A vice-presidente da Comissão de Seguro Auto da FenSeg, Keila Farias, enfatiza que a adesivação e o uso do carro para atividades de campanha podem ser vistos pelas seguradoras como um aumento de risco. Isso se deve à maior exposição dos veículos a acidentes, vandalismo e a circulação em eventos da campanha.
Além disso, se o motorista não informar à seguradora sobre essas mudanças, a empresa poderá recusar indenizações por roubo, furto ou colisão. As seguradoras argumentam que o uso do carro para transportar materiais de campanha ou deslocar equipes altera as condições que foram avaliadas na hora da assinatura do contrato.
Vale destacar que danos a adesivos e envelopamentos também costumam não estar cobertos pelos seguros tradicionais. Prejuízos resultantes de tumultos e vandalismos são frequentemente excluídos das apólices, o que pode causar surpresas desagradáveis para os motoristas envolvidos em campanhas eleitorais.
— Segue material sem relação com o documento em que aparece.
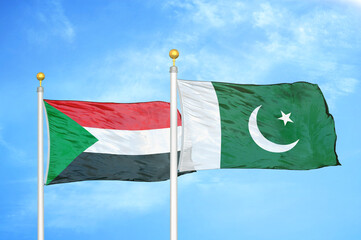 Naklejka na ściany i meble Sudan and Pakistan two flags on flagpoles and blue sky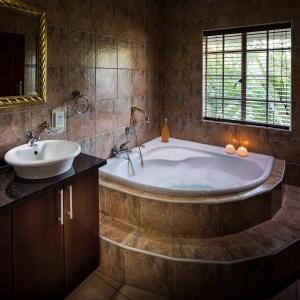 a large bathroom with a tub and a sink at Gallo Manor Executive Bed & Breakfast in Johannesburg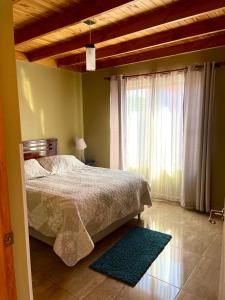 a bedroom with a bed and a window and a rug at Entre Rieles Cabañas y Restaurante in Calama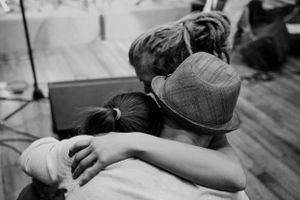 Two people share an emotional embrace during what appears to be a concert or performance.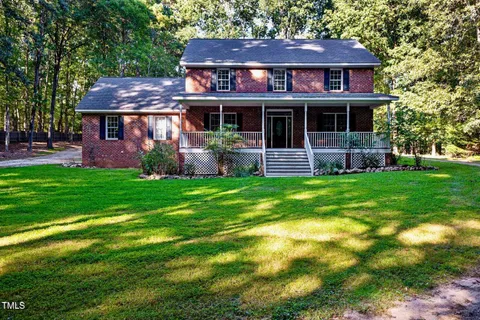 a front view of a house with a garden and porch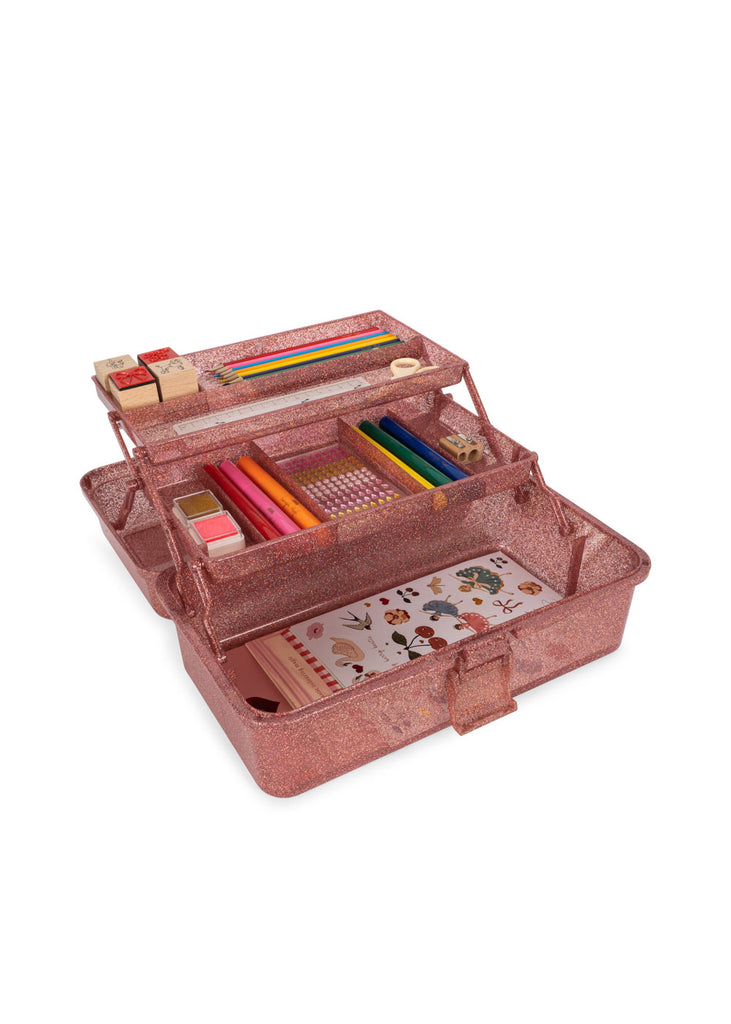The Konges Sloejd Creative Art Caddy - Glitter Rose is a pink, glittery organizer with compartments that neatly hold colored pencils, markers, stamps, stickers, a ruler, and an eraser—all easily visible when the lid is open.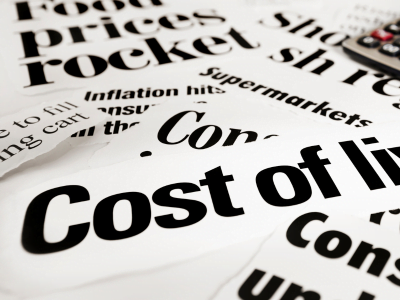 A close up of a newspaper article about cost of living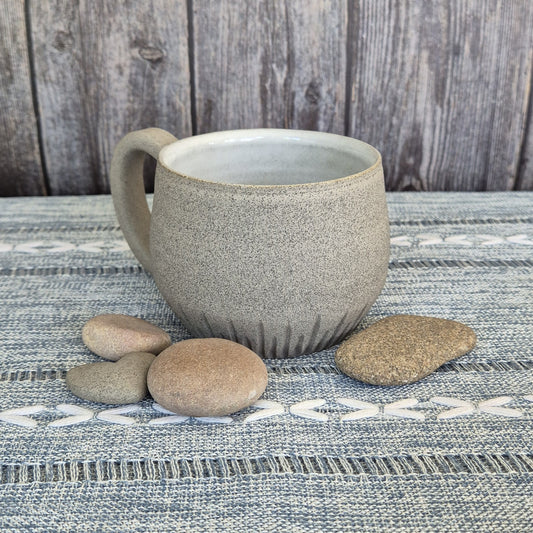Ceramic mug with textured surface on a textured fabric surface with stones.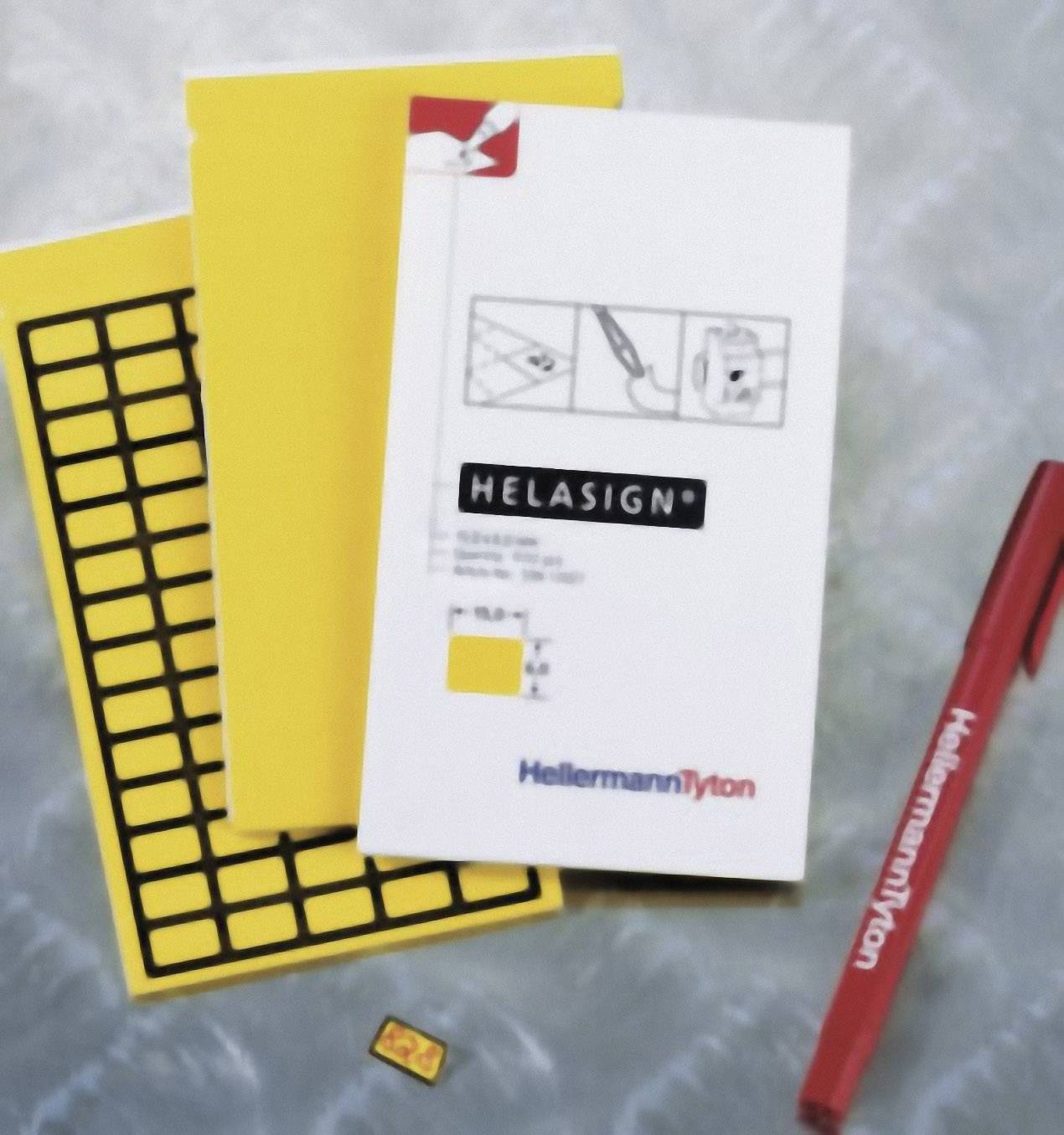 Deux blocs-notes jaunes, un cahier blanc portant l'inscription 'Helasign', un stylo HellermannTyton et une petite étiquette jaune.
Para garantir a manutenção da cobertura, é aconselhável que os motoristas sigam algumas orientações: informar a seguradora antes de adesivar o veículo, comunicar mudanças na utilização do carro, consultar um corretor de seguros antes de prestar serviços a candidatos e solicitar um endosse para registrar formalmente alterações na apólice quando necessário.
Em resumo, estar bem informado e manter uma comunicação clara com a seguradora é fundamental para evitar problemas e garantir a proteção do veículo durante as atividades políticas.